Proof of $\lim_{n \to \infty} {a_n}^{1/n} = \lim_{n \to \infty}(a_{n+1}/a_n)$ [duplicate]
Why would $\lim_{n \to \infty} {a_n}^{1/n} = \lim_{n \to \infty}(a_{n+1}/a_n)$ be true where $(a_n)$ is a sequence in $\mathbb{R}$?
Edit: Let all $a_n$ be positive.
Under the hypothesis $\forall n\in\Bbb N: a_n>0$ and $\exists\lim_{n\to\infty}{a_{n+1}\over a_n}>0$, let be $$l=\lim_{n\to\infty}{a_{n+1}\over a_n}.$$ For each $\epsilon>0$, $\exists n(\epsilon)\in\Bbb N$ s.t. $\forall n\ge n(\epsilon)$: $$l-\epsilon\le{a_{n+1}\over a_n}\le l+\epsilon.$$ Multiply the inequalities form $n(\epsilon)$ to $n(\epsilon)+p-1$: $$(l-\epsilon)^p\le{a_{n(\epsilon)+p}\over a_{(n(\epsilon)}}\le(l+\epsilon)^p.$$ I.e., $$(l-\epsilon)^p a_{n(\epsilon)}\le{a_{n(\epsilon)+p}}\le(l+\epsilon)^p a_{n(\epsilon)},$$ and taking $n=p+n(\epsilon)$-root: $$(l-\epsilon)^{(n-n(\epsilon))/n}\root n\of{a_{n(\epsilon)}}\le\root n\of{a_n}\le(l+\epsilon)^{(n-n(\epsilon))/n}\root n\of{a_{n(\epsilon)}}.$$ Now, take $\lim_{n\to\infty}$. Think yourself in the case $\lim_{n\to\infty}{a_{n+1}\over a_n}=0$.

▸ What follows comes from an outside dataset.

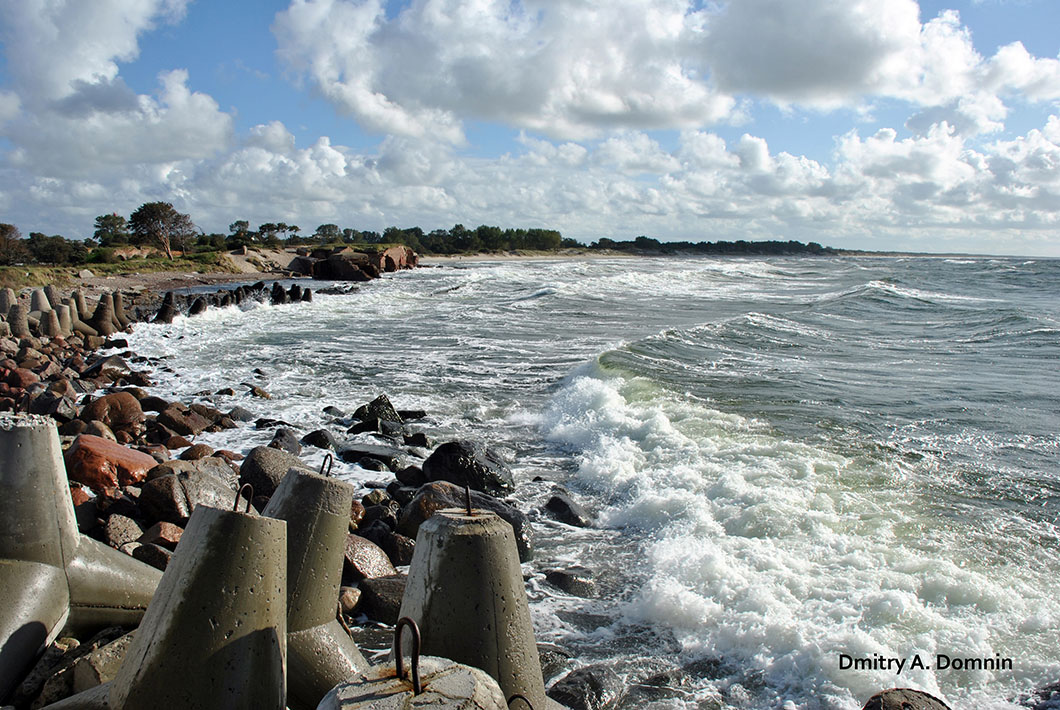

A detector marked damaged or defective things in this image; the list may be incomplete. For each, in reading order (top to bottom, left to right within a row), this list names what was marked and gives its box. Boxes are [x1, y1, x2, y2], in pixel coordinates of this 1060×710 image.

rusted metal hook [394, 618, 421, 695]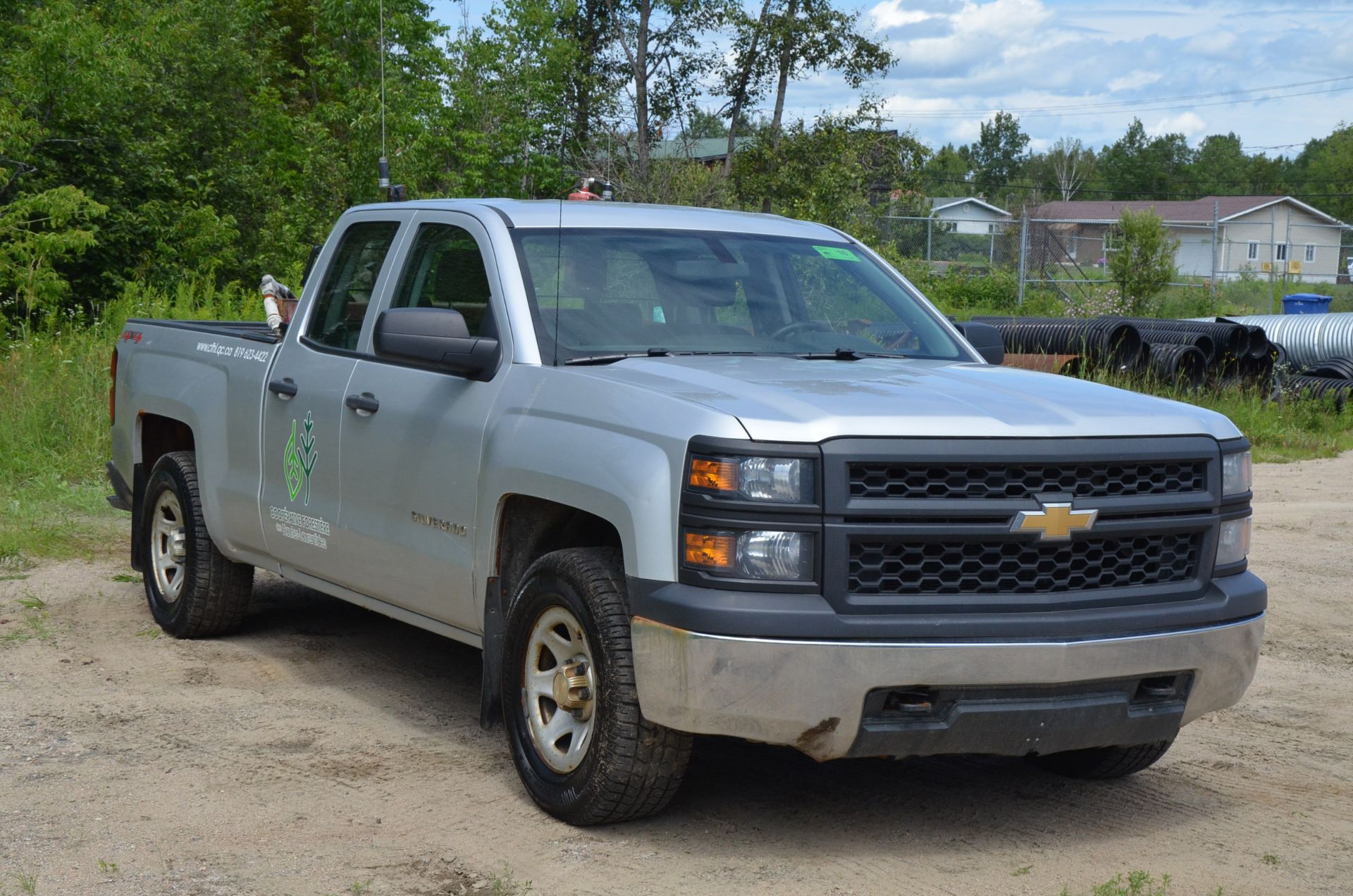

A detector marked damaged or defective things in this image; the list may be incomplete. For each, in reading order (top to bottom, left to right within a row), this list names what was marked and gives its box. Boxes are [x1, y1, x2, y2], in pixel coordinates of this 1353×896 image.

rust spot on fender [790, 720, 839, 763]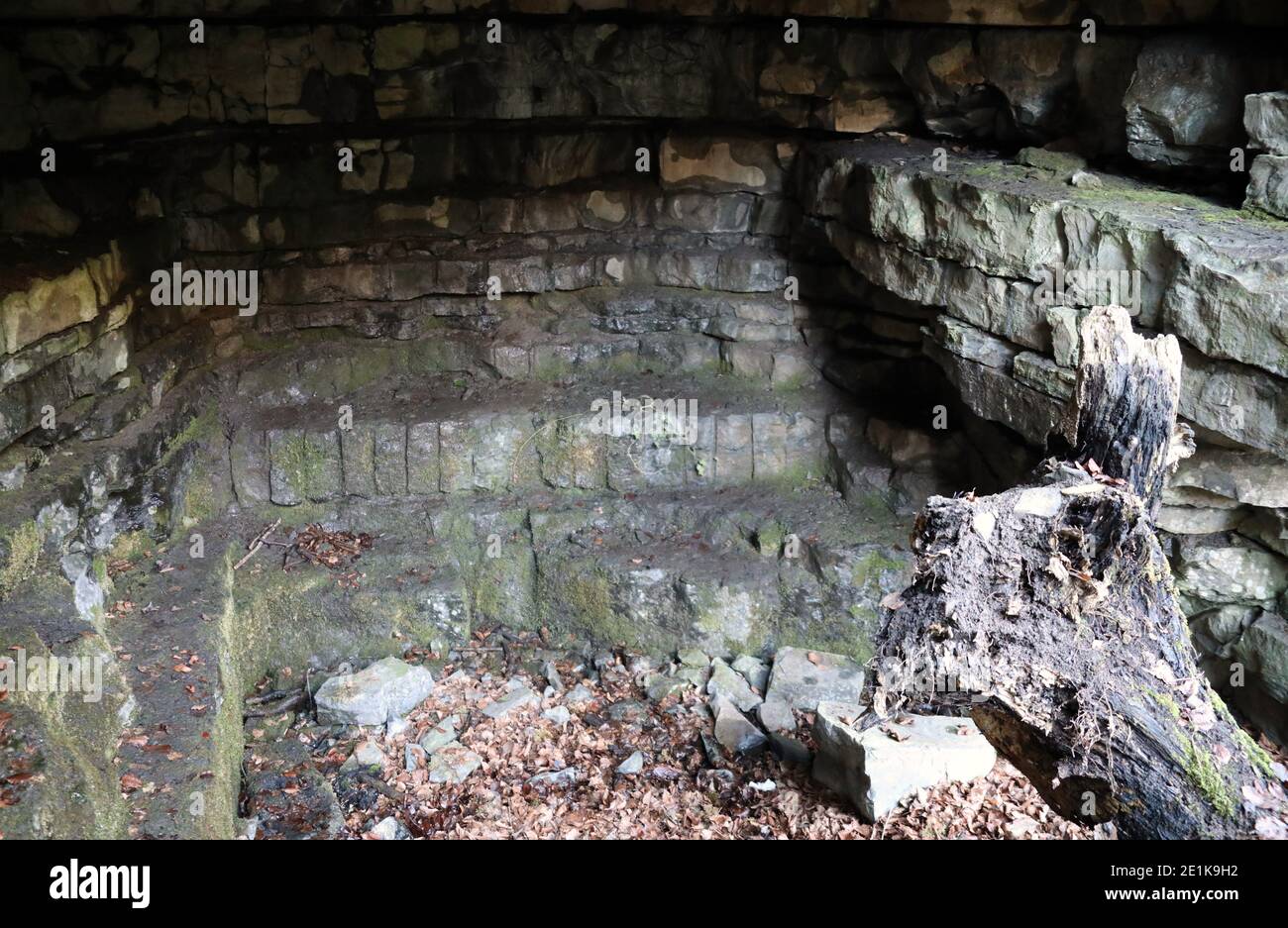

If $a_{n+1}/a_n$ converges in $[0,\infty]$ then $a_n^{1/n}$ does as well and to the same limit, but the converse need not hold. Upon taking logarithms this is a well known statement about Cesaro means of sequences, but I will write out the proof in the present setting.
Suppose $a_{n+1}/a_n\to\ell\in[0,\infty]$. First suppose $0<\ell<\infty$, and let $\alpha>1$. Then there is some $N$ such that $\alpha^{-1}\ell < a_{n+1}/a_n < \alpha\ell$ for all $n\geq N$. Multiplying these together for $n=N,\dots,m-1$ we have $\alpha^{-(m-N)}\ell^{m-N} < a_m/a_N < \alpha^{m-N} \ell^{m-N}$. Taking $m$th roots and the limit $m\to\infty$ shows that $a_m^{1/m} \to \ell$. The cases $\ell=0$ and $\ell=\infty$ are similar, and you might like to try them.
For a counterexample for the opposite implication, consider the sequence $$a_n = \begin{cases} 2&\text{if }n \text{ is odd,}\\ 1/2 &\text{if }n\text{ is even.}\end{cases}$$
This is a particular case of the following chain of inequalities $$\liminf \frac{a_{n+1}}{a_n} \leq \liminf \sqrt[n]{a_n} \leq \limsup \sqrt[n]{a_n} \leq \limsup \frac{a_{n+1}}{a_n}. $$ cf. Theorem 3.37 in Rudin's principles of mathematical analysis. If the limit of the sequence $\frac{a_{n+1}}{a_n}$ exists the outermost expressions coincide, and thus the two in the middle as well.